Crawled caption data:
**********

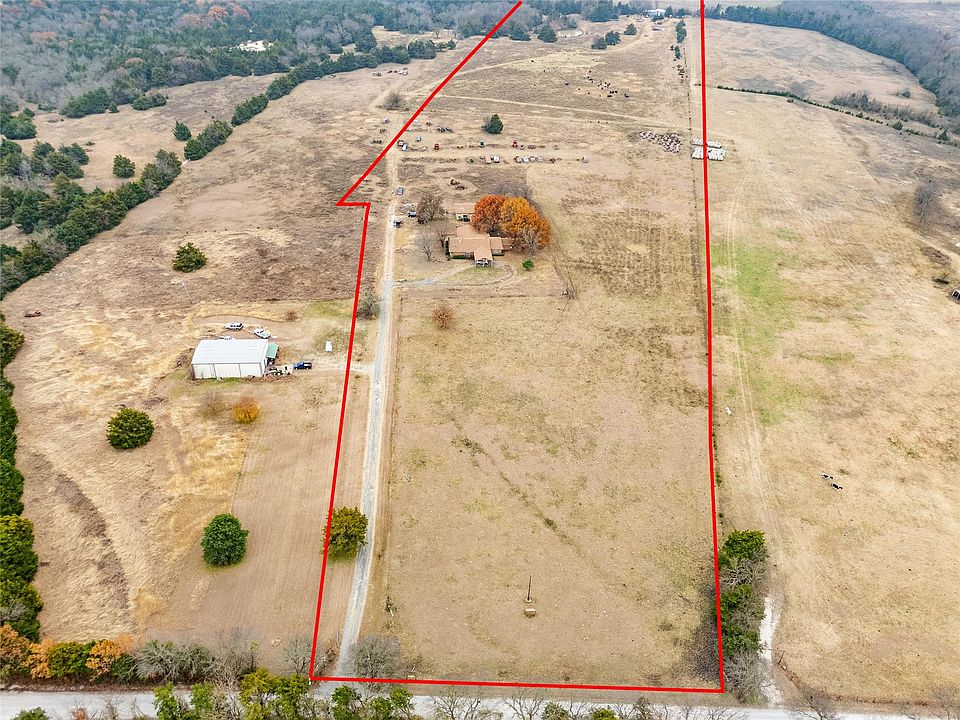 2nd image of 2828 Baker Ridge Rd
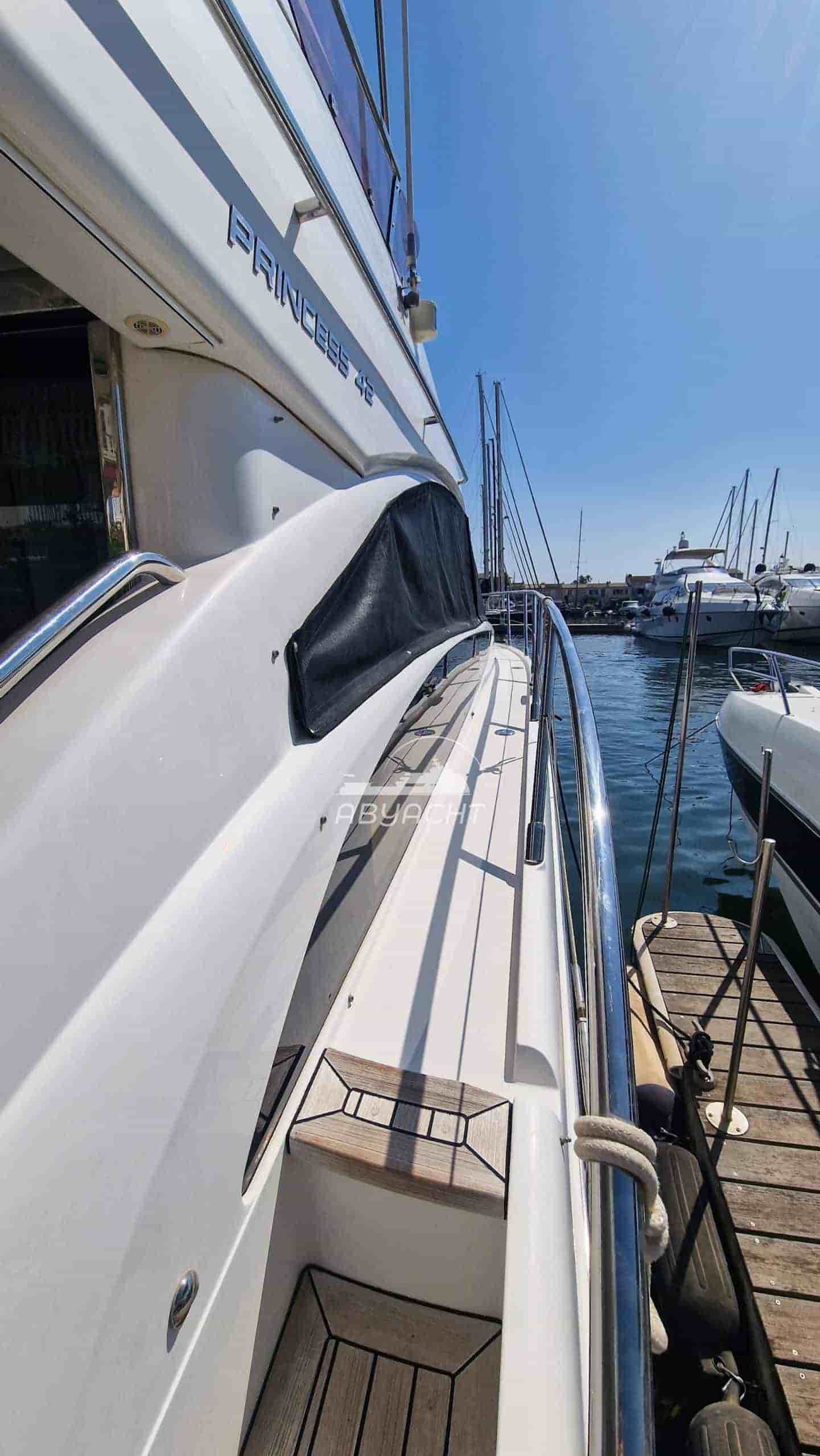 Princess Yachts Princess 42 2013 - View 6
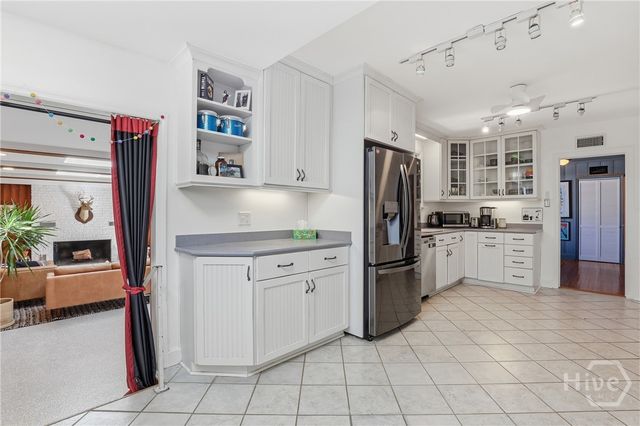 244 E 64th Street, Savannah, GA 31405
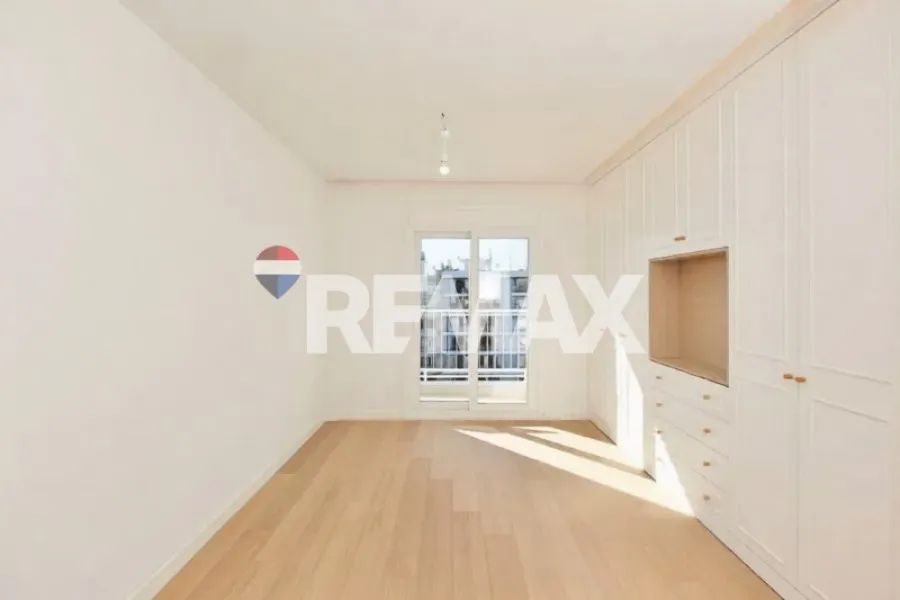 Pièces - Apartment with Sea View in Nea Paralia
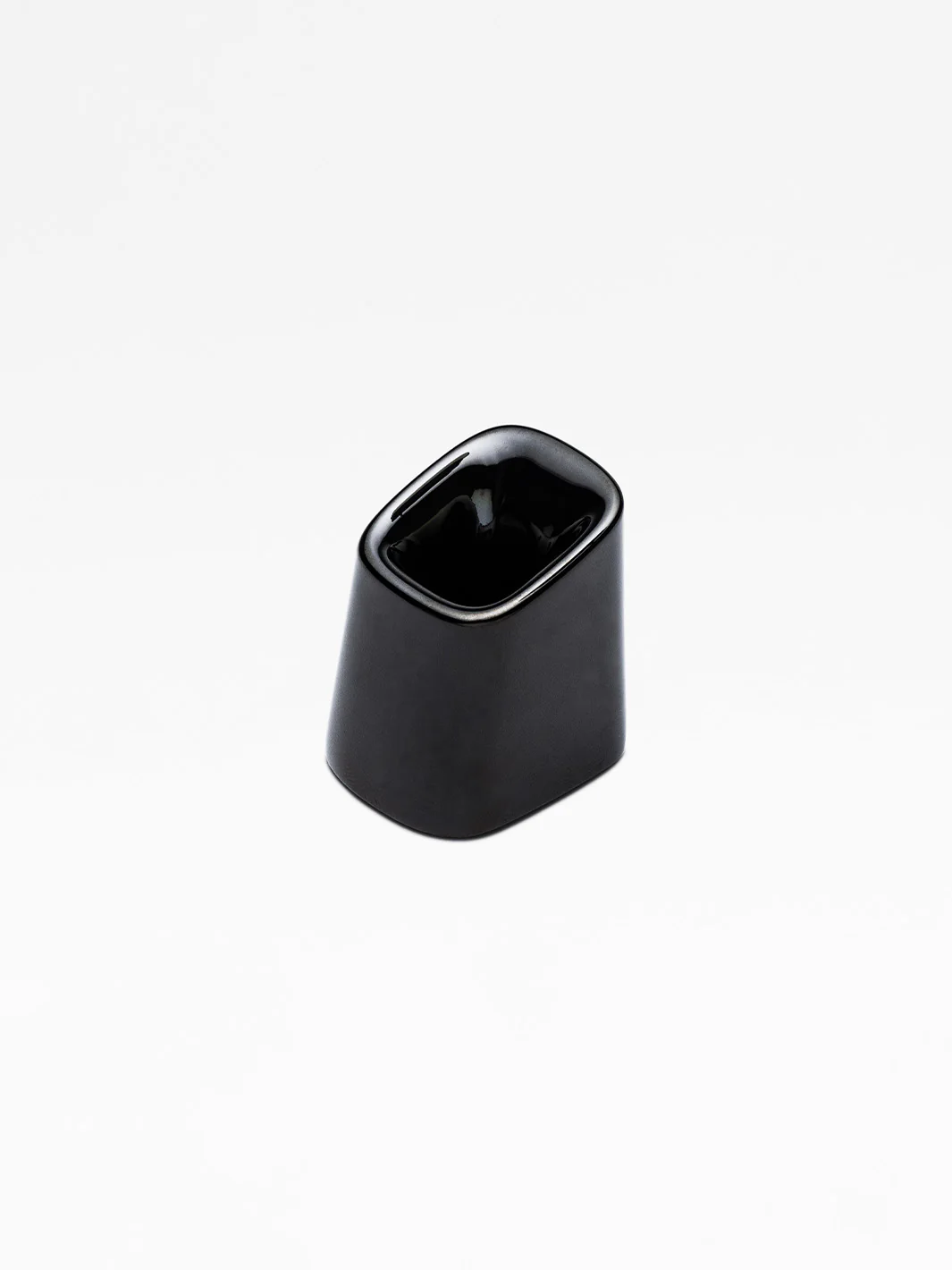 The Single Edge Max Razor Stand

**********

What is needed:
Can you quote exactly, and only, the lines from the one containing "Pièces - Apartment" through the last line of the records above, keeping both ends and leaving out any pictures?

Exercise answer:
 Pièces - Apartment with Sea View in Nea Paralia
 The Single Edge Max Razor Stand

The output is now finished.